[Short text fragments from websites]
....................
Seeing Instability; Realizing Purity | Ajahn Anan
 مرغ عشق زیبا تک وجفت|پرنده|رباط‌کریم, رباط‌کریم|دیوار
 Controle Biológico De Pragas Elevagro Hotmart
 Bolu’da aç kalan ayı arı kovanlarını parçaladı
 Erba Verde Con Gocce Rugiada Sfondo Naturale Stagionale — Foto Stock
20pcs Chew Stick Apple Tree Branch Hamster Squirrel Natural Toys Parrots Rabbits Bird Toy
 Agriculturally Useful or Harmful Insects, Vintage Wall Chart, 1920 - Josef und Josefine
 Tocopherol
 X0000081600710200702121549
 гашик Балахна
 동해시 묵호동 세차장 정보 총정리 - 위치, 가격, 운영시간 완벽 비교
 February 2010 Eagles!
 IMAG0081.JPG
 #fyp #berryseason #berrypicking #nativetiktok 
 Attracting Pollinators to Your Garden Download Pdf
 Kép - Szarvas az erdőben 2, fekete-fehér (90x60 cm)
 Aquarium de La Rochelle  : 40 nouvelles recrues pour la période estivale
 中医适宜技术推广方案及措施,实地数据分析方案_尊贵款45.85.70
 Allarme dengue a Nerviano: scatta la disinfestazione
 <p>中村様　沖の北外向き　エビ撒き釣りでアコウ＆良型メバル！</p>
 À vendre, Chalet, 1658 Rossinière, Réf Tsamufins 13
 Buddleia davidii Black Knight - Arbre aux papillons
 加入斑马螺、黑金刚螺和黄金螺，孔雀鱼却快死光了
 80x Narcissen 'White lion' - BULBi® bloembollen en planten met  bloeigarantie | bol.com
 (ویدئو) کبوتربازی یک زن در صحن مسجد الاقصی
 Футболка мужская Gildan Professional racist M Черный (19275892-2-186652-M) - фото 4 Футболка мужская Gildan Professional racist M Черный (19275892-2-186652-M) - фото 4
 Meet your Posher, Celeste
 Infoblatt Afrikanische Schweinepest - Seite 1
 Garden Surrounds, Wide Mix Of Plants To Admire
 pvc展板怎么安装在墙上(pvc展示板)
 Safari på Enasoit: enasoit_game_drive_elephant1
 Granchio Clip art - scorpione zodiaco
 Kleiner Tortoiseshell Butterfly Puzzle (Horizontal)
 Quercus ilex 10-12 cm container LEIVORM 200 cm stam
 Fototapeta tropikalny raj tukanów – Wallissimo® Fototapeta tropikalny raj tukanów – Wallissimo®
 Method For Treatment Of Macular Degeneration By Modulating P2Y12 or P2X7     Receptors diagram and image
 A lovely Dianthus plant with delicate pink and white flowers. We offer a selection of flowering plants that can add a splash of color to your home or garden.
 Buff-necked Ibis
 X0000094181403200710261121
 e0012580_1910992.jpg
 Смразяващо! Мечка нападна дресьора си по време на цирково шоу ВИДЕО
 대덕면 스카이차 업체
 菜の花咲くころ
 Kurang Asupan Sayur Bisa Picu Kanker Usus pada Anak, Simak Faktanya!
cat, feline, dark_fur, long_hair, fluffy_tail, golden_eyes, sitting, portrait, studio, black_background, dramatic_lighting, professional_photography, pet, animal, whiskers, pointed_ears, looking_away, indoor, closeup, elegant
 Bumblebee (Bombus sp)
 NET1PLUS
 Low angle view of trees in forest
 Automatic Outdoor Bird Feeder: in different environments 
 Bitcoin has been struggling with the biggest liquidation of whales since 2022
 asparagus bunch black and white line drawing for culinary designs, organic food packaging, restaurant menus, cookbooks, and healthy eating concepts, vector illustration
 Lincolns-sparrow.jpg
....................
**AIM OF THE EXERCISE**
Exactly the lines above from the one with "مرغ عشق زیبا" to the one with "Granchio Clip art - scorpione zodiaco", both included, are to be quoted; leave the rest out.

**TASK OUTPUT**
 مرغ عشق زیبا تک وجفت|پرنده|رباط‌کریم, رباط‌کریم|دیوار
 Controle Biológico De Pragas Elevagro Hotmart
 Bolu’da aç kalan ayı arı kovanlarını parçaladı
 Erba Verde Con Gocce Rugiada Sfondo Naturale Stagionale — Foto Stock
20pcs Chew Stick Apple Tree Branch Hamster Squirrel Natural Toys Parrots Rabbits Bird Toy
 Agriculturally Useful or Harmful Insects, Vintage Wall Chart, 1920 - Josef und Josefine
 Tocopherol
 X0000081600710200702121549
 гашик Балахна
 동해시 묵호동 세차장 정보 총정리 - 위치, 가격, 운영시간 완벽 비교
 February 2010 Eagles!
 IMAG0081.JPG
 #fyp #berryseason #berrypicking #nativetiktok 
 Attracting Pollinators to Your Garden Download Pdf
 Kép - Szarvas az erdőben 2, fekete-fehér (90x60 cm)
 Aquarium de La Rochelle  : 40 nouvelles recrues pour la période estivale
 中医适宜技术推广方案及措施,实地数据分析方案_尊贵款45.85.70
 Allarme dengue a Nerviano: scatta la disinfestazione
 <p>中村様　沖の北外向き　エビ撒き釣りでアコウ＆良型メバル！</p>
 À vendre, Chalet, 1658 Rossinière, Réf Tsamufins 13
 Buddleia davidii Black Knight - Arbre aux papillons
 加入斑马螺、黑金刚螺和黄金螺，孔雀鱼却快死光了
 80x Narcissen 'White lion' - BULBi® bloembollen en planten met  bloeigarantie | bol.com
 (ویدئو) کبوتربازی یک زن در صحن مسجد الاقصی
 Футболка мужская Gildan Professional racist M Черный (19275892-2-186652-M) - фото 4 Футболка мужская Gildan Professional racist M Черный (19275892-2-186652-M) - фото 4
 Meet your Posher, Celeste
 Infoblatt Afrikanische Schweinepest - Seite 1
 Garden Surrounds, Wide Mix Of Plants To Admire
 pvc展板怎么安装在墙上(pvc展示板)
 Safari på Enasoit: enasoit_game_drive_elephant1
 Granchio Clip art - scorpione zodiaco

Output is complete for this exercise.